_Work task_: In the listing that follows, the range to quote begins at the line that has "Navy Keds slip" and ends after the line that has "Estudiantes haciendo los"; quote it verbatim and add nothing.

_Listed entries_:
++++++++++++++++++++
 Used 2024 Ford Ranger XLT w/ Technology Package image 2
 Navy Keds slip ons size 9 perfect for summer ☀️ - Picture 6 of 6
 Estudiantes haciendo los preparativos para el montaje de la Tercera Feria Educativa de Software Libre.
++++++++++++++++++++
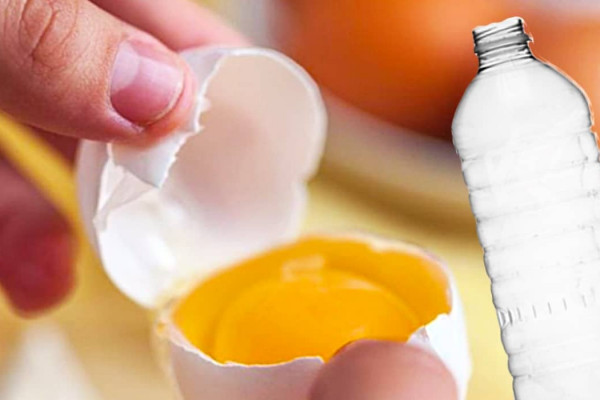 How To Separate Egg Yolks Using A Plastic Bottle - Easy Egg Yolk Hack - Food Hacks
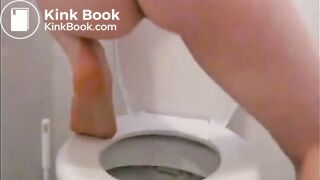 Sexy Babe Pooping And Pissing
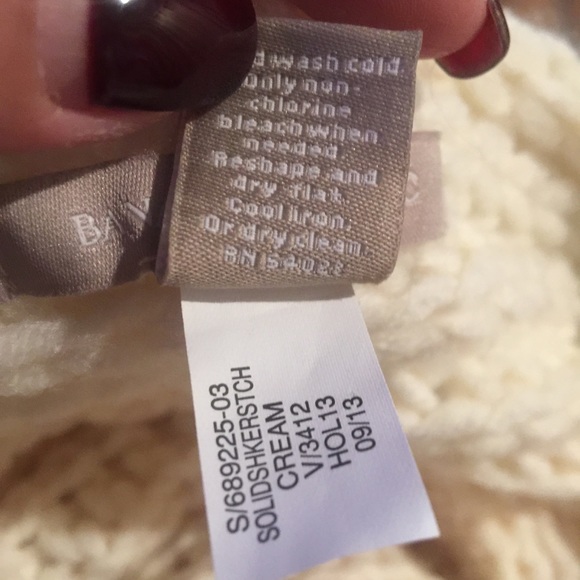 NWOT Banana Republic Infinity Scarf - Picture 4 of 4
++++++++++++++++++++
_Solution for this problem_:
 Navy Keds slip ons size 9 perfect for summer ☀️ - Picture 6 of 6
 Estudiantes haciendo los preparativos para el montaje de la Tercera Feria Educativa de Software Libre.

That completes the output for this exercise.